Clean the hare carefully and cut to pieces, cracking all the bones. Put into the soup-kettle with the mutton bones, the bacon, onion, and parsley. Pour on three quarts of cold water; put on the lid tightly, and stew four hours very slowly. By this time the meat should be in shreds. Strain it, return to the fire, season it, stew and skim five minutes. Slice three boiled eggs and put into the tureen and pour the soup over them.

Hot Pot.

Put into a deep bake-dish a layer of cold mutton left from your roast, freed from fat and skin and cut into strips two inches long by one wide. Overlay these with slices of parboiled potatoes, a little minced onion, an oyster or two chopped, some tiny bits of butter, with salt and pepper. Repeat this process until your meat is used up. The top layer should be potatoes. Add a cupful of gravy from Friday’s dinner (or elsewhere), cover very closely and bake one hour before lifting the lid. Peep in to see if the contents are done—they will be if your fire is tolerably strong. Turn out into a deep dish.

Cucumber Pickles

Are a better condiment for this dish than any others.

Turnips with White Sauce.

Peel and quarter your turnips. Leave in cold water half an hour. Put on in hot water, and boil until tender. Drain and cover with a sauce prepared by heating a cup of milk, thickening it with a heaping teaspoonful of corn-starch, and stirring in a great spoonful of butter with pepper and salt to season it well. Put this, when you have added the turnips, into a vessel set within another of boiling water, and let them stand covered, without cooking, ten minutes before serving.

Boiled Rice au Genève.

Pick over and wash the rice, and boil in a farina-kettle, with enough cold water, a little salted, to cover it an inch deep.
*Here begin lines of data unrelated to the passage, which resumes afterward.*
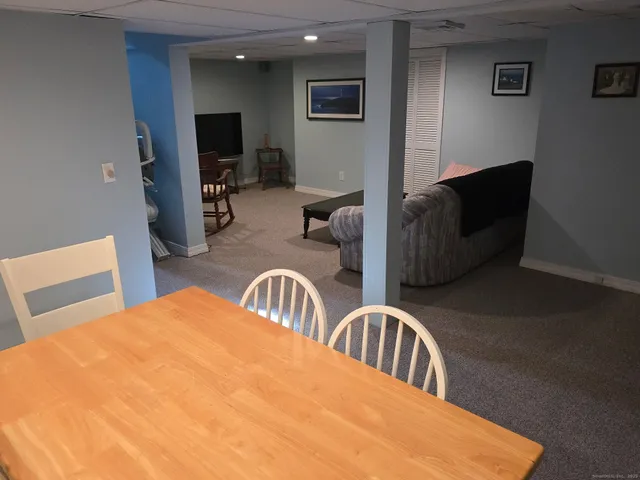 $350,000 | 14 Hyde Street, Stonington, CT 06379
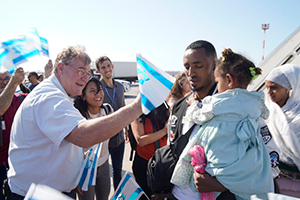 ICEJ_aliyah-ethiopian-flight-flag_handout_July_2023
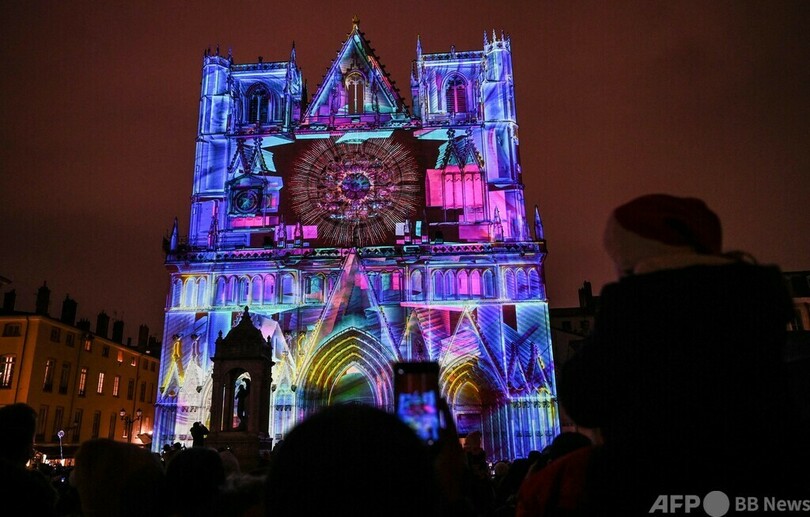 仏リヨンで「光の祭典」 街全体がライトアップ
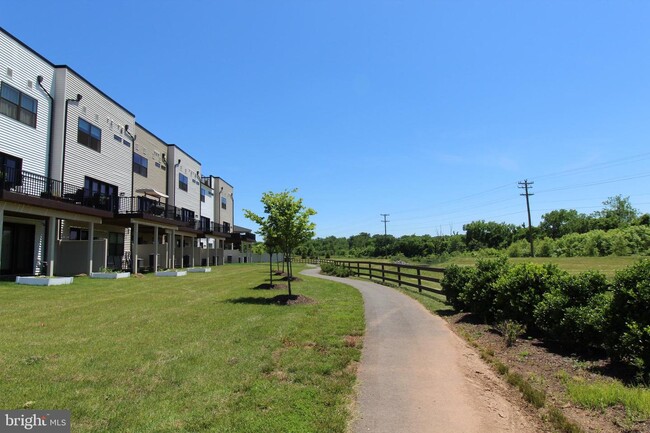 Building Photo - 23547 Hopewell Manor Terrace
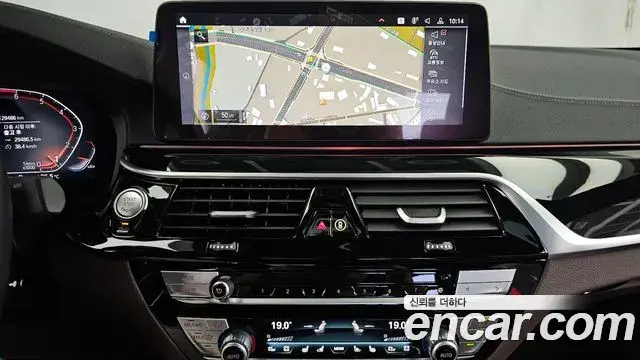 BMW 5 Series 2023 — Фото 14/20
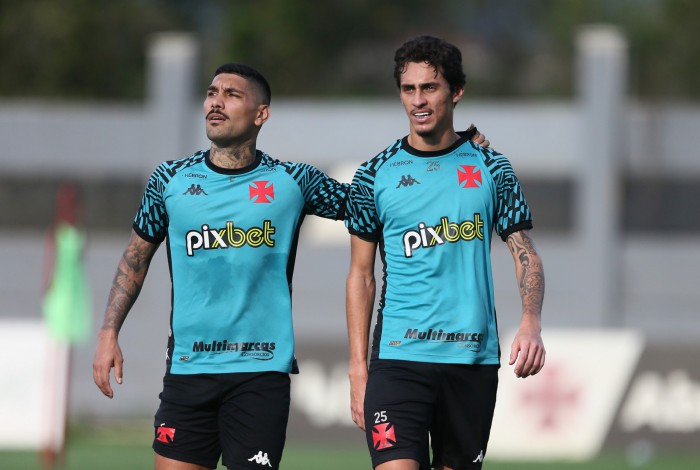 Yuri e Marlon no treino do Vasco da Gama no CT Moacyr Barbosa na Cidade de Deus em 07 de outubro de 2022. Foto: Daniel RAMALHO/VASCO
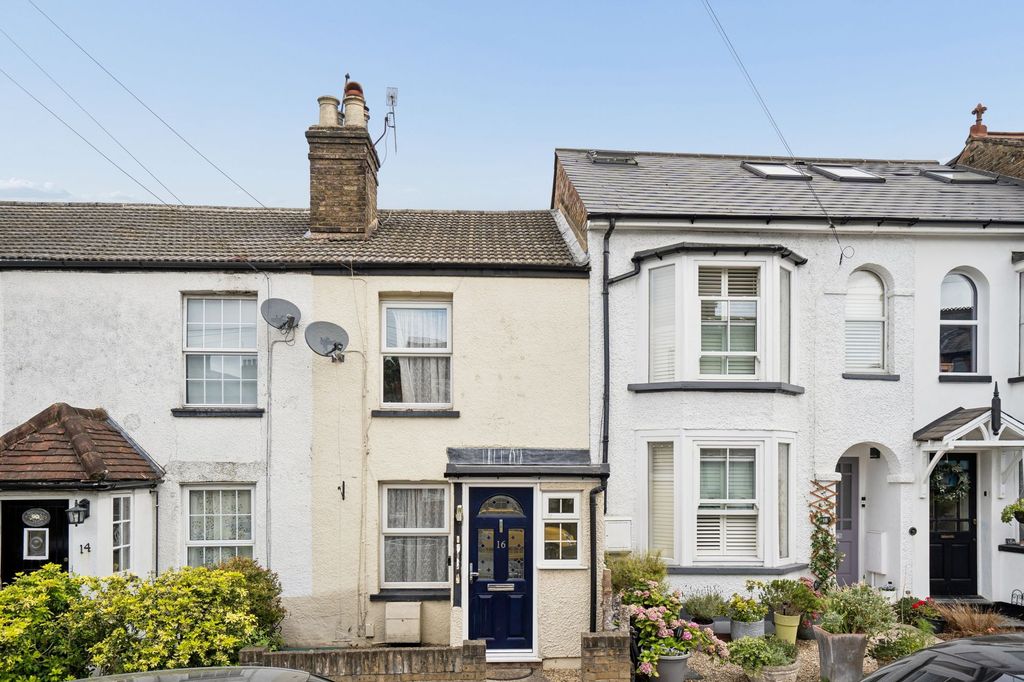 Property photo 1 of 12
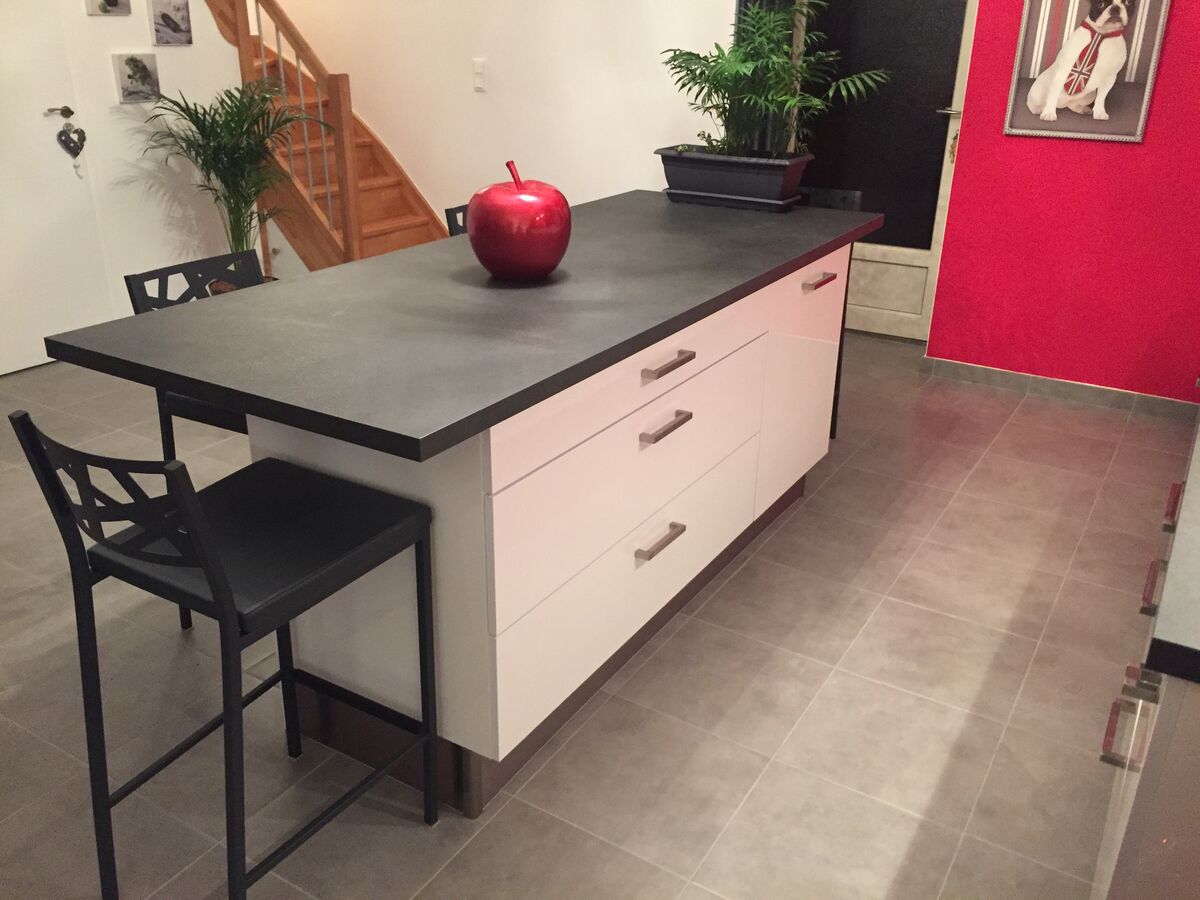 Cuisine avant-après sur mesure Petilla Blanc brillant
Shake now and then as the rice swells. Take from your hare soup, when you have strained it, a cupful of the liquor and about half as much of the boiled shreds of meat. Chop these extremely fine, season with salt and pepper. Heat the cup of liquor to a boil, stir into it a scant tablespoonful of browned flour, then the chopped meat and a tablespoonful of butter, and stew gently five minutes. Pile the boiled rice, which should be almost dry, in a dish, and pour the gravy over it. It is very savory, and makes a pleasant variety in the list of winter vegetables.

Cabinet Pudding.

  • ½ lb. of prepared flour.
  • ¼ lb. of butter.
  • 5 eggs.
  • ½ lb. of sugar.
  • ¼ lb. of raisins seeded and cut into three pieces each.
  • ¼ lb. of currants, washed and dried.
  • ½ cup of milk.
  • ½ lemon, grated peel and juice.

Cream the butter and sugar; add the beaten yolks; the milk and the flour alternately with the whites. Lastly, stir in the fruit, well dredged with flour; beat up thoroughly, pour into a buttered mould; put into a pot of boiling water and do not let it relax its boil for two hours and a half. Dip the mould into cold water for one moment before turning it out.

Cabinet Pudding Sauce.

  • Yolks of 2 eggs, whipped very light.
  • 1 lemon, juice and half the grated peel.
  • 1 glass of wine.
  • 1 teaspoonful of cinnamon.
  • 1 cup of sugar.
  • 1 tablespoonful of butter.

Rub the butter into the sugar; add the yolks, lemon, and spice. Beat five minutes and put in the wine, stirring hard. Set within a saucepan of boiling water, and stir until it is scalding hot. Do not let it boil. Pour over the pudding.